**Description of the task:** Copy out the data below from the line containing "Pre-owned Loveshackfancy Cashmere" to the line containing "Grater Caddy with", both lines included, with all images left out.

**Exercise data:**
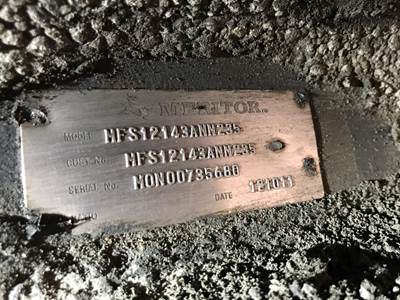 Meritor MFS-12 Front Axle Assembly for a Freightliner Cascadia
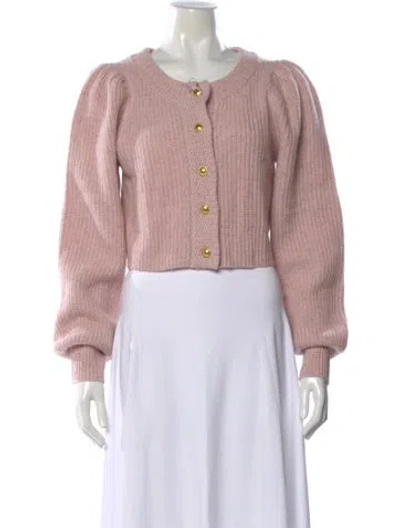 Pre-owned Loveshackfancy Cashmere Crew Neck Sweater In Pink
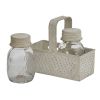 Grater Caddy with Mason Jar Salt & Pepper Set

--

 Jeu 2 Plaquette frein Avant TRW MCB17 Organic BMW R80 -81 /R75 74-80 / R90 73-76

**Exercise solution:**
 Pre-owned Loveshackfancy Cashmere Crew Neck Sweater In Pink
 Grater Caddy with Mason Jar Salt & Pepper Set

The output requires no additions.